There is an explanation from the author of snakemake for the reason why the default is unsorted and why there is no option for sorted output in the wrapper:
https://bitbucket.org/snakemake/snakemake/issues/440/pre-post-wrapper
Regarding the SAM/BAM issue, I would say any wrapper should always output the optimal file format. Hence, whenever I write a wrapper for a read mapper, I ensure that output is not SAM. Indexing and sorting should not be part of the same wrapper I think, because such a task has a completely different behavior regarding parallelization. Also, you would loose the mapping output if something goes wrong during the sorting or indexing.
Q2: How can I take a module from the wrapper repo and make it a local module, allowing me to edit it?

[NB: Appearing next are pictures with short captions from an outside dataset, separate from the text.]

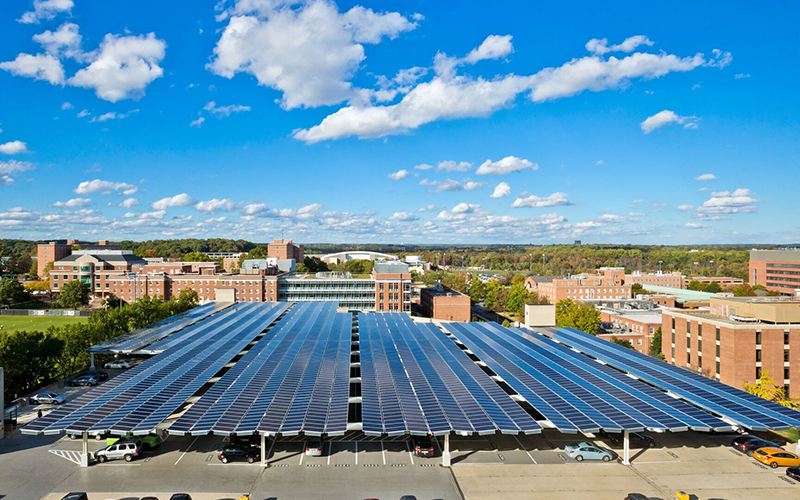 photograph of solar panels on top of Regent's Garage with UMD campus in the background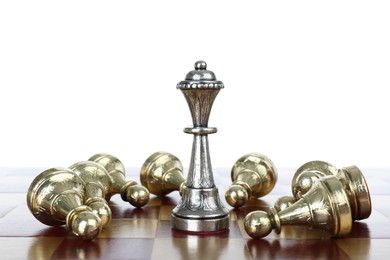 Silver queen among fallen golden pawns on wooden chess board against white background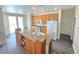 Bright kitchen features an island, oak cabinets, stainless steel appliances, and sliding glass doors to the backyard at 10071 Lemon Valley Ave, Las Vegas, NV 89147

If you wanted to do this, one way would be to download the local copy of the wrapper. Change in the shell portion of the downloaded wrapper Unsorted to {snakemake.params.outsamtype}. In your Snakefile change (wrapper to script, path/to/downloaded/wrapper and add the outsamtype parameter):
rule star_se:
input:
fq1 = "reads/{sample}_R1.1.fastq"
output:
# see STAR manual for additional output files
"star/{sample}/Aligned.out.bam"
log:
"logs/star/{sample}.log"
params:
# path to STAR reference genome index
index="index",
# optional parameters
extra="",
outsamtype = "SortedByCoordinate"
threads: 8
script:
"path/to/downloaded/wrapper"
I think a separate rule w/o a wrapper for sorting or even making your own star rule rather is better. Modifying the wrapper defeats the whole purpose of it.